Precisamos aprender a respeitar pessoas de todas as religiões, mas isso não significa a obrigação de respeitar suas divindades, suas concepções de sagrado e suas moralidades

Com a “Primavera Árabe”, estabeleceu-se o “Processo de Istanbul” sobre uma base completamente diferente: estabelecer uma política de defesa da liberdade religiosa e de combate à discriminação sem o recurso a leis antiblasfêmia. E isso levou à Resolução 16/18 da Comissão de Direitos Humanos da ONU, ao Plano de Ação de Rabat e à Resolução 66/167 da Assembleia Geral das Nações Unidas, em 2011.

O que foi estabelecido por essas resoluções? Que a dignidade das pessoas de cada religião, bem como seus lugares de culto e oficiais religiosos devem ser protegidos da discriminação e da estereotipificação negativa; mas que suas crenças e instituições não gozam da mesma proteção.

Em outras palavras: precisamos aprender a respeitar pessoas de todas as religiões, mas isso não significa a obrigação de respeitar suas divindades, suas concepções de sagrado e suas moralidades. Guardando-se os limites para evitar o discurso de ódio e a estereotipificação destrutiva, a crítica ao sagrado do outro é perfeitamente legítima e não constitui violação de direitos humanos.

Literalmente – podemos dizer – afirmar que o Deus dos cristãos é uma ilusão ou que é moralmente questionável, não é per se intolerância nem discurso de ódio. Tudo depende do contexto. Igualmente, considerar deuses de religiões politeístas como ficções ou forças demoníacas não é, per se, uma negação da dignidade das pessoas que creem em tais deuses.

É, de jure, violência cultural?

Não podemos ser cínicos aqui; evidentemente toda comunicação cultural implica a possibilidade de mutação cultural e, eventualmente, de destruição, e o imperialismo cultural não é uma ficção. E essa é uma preocupação central da Declaração Universal dos Direitos dos Povos Indígenas de 2007 e da Declaração Americana dos Direitos dos Povos Indígenas de 2016.

A questão é sob qual ângulo se contempla o evento do contato cultural e os processos de destruição e mutação que ele estabelece.

Na perspectiva multiculturalista que hoje domina o pensamento antropológico, segundo a qual, grosso modo, todos os sistemas civilizacionais seriam complexos simbólicos puramente construídos, incomensuráveis e mutuamente relativos, a imposição de quaisquer valores ocidentais modernos, por exemplo, sobre uma cultura tradicional seria um ato de arrogância colonizadora.
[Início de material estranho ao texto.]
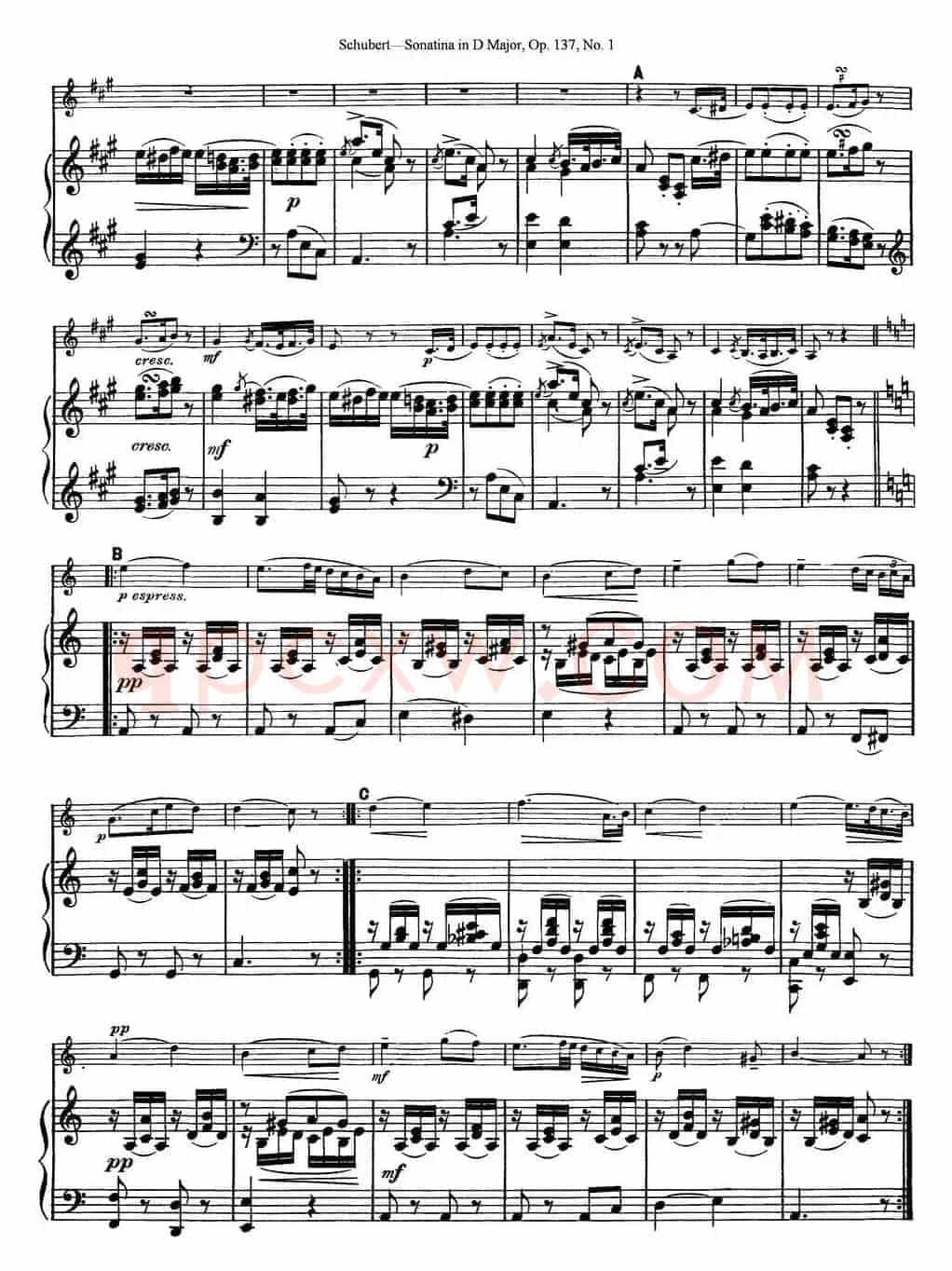Violin Sonatina in D major Op.137 No.1（小提琴+钢琴伴奏）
Ao assumir uma inexistente e inverificável superioridade cultural, o colonizador comete violência moral contra povos tradicionais, uma vez que sua identidade e sentido de dignidade seriam indissociáveis de seus sistemas simbólicos.
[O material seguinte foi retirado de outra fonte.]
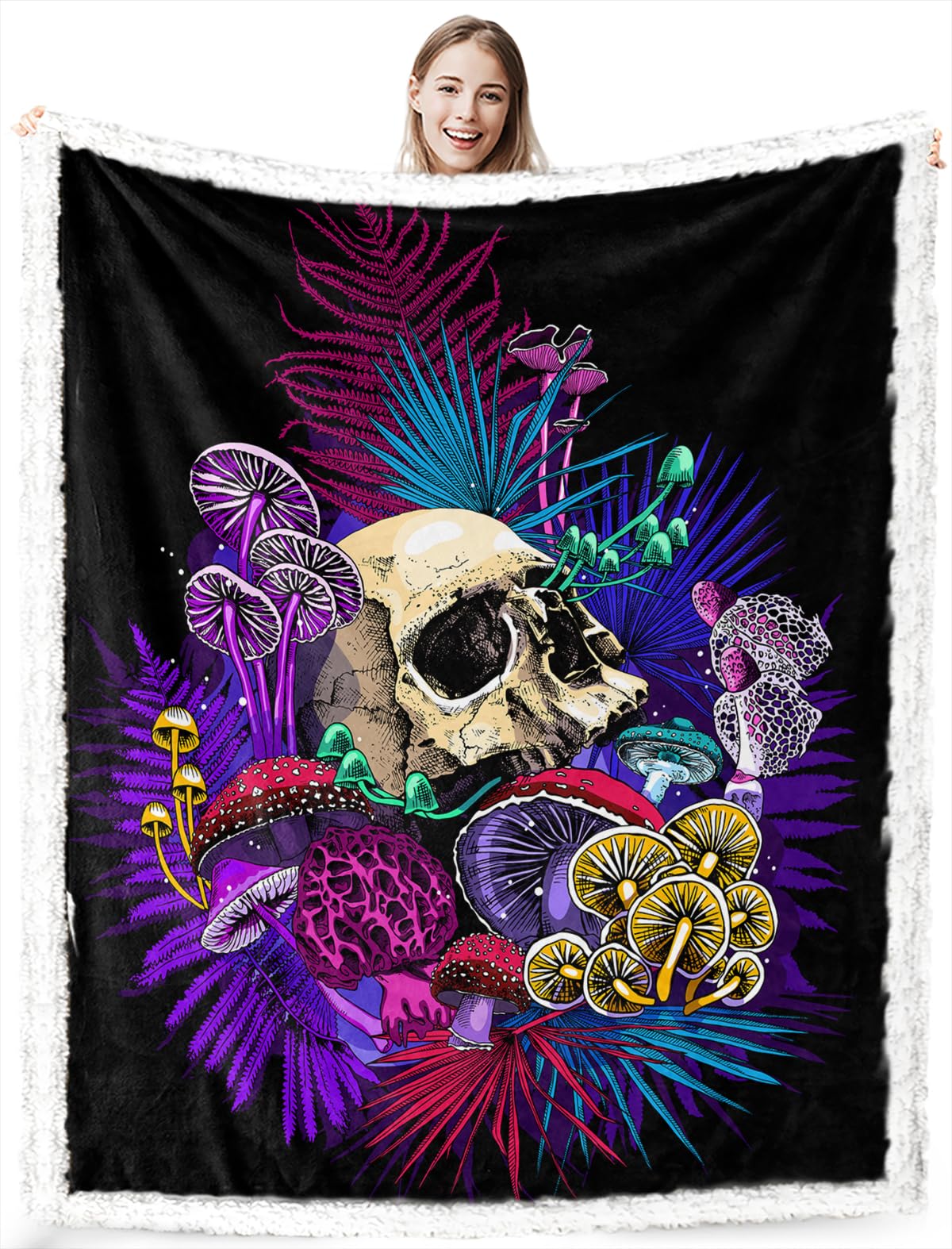 Soft Plush Mushroom Skull Throw Blanket 50x60 Inches - Gothic Sherpa Fleece Blanket for Couch, Sofa & Bed - Cozy Fluffy Blanket for Halloween, Christmas Gifts & Home Decor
Sem ter a pretensão de solucionar, aqui, um debate imenso e já secular, é preciso dizer claramente que essa posição é simplesmente insustentável.

Em primeiro lugar, porque não é possível adotar uma política multiculturalista, e uma ética de alteridade para fundamentar essa política, sem adotar imediatamente uma versão de universalismo. No caso, esse tipo particular de universalismo que já mencionamos: a compreensão historicista do humano, segundo a qual a cultura seria uma construção simbólica e material autorreferenciada e incomensurável, e não uma resposta à realidade e um aperfeiçoamento da natureza humana.

O caso, no entanto, é que mesmo essa visão é ainda derivada do ideal renascentista do homem como demiurgo de si mesmo, “Causa Sui”, fonte de onde brota a compreensão do mundo humano como o “Factum”, aquilo que é meramente feito e não é natureza, tão fundamental de Hobbes a Foucault. Daí viria o “Homo Faber” marxiano e, em associação com hipóteses linguísticas como as de Saussure e Saphir-Wolf, a noção de que culturas seriam sistemas de significados meramente construídos, autorreferenciais e não realísticos.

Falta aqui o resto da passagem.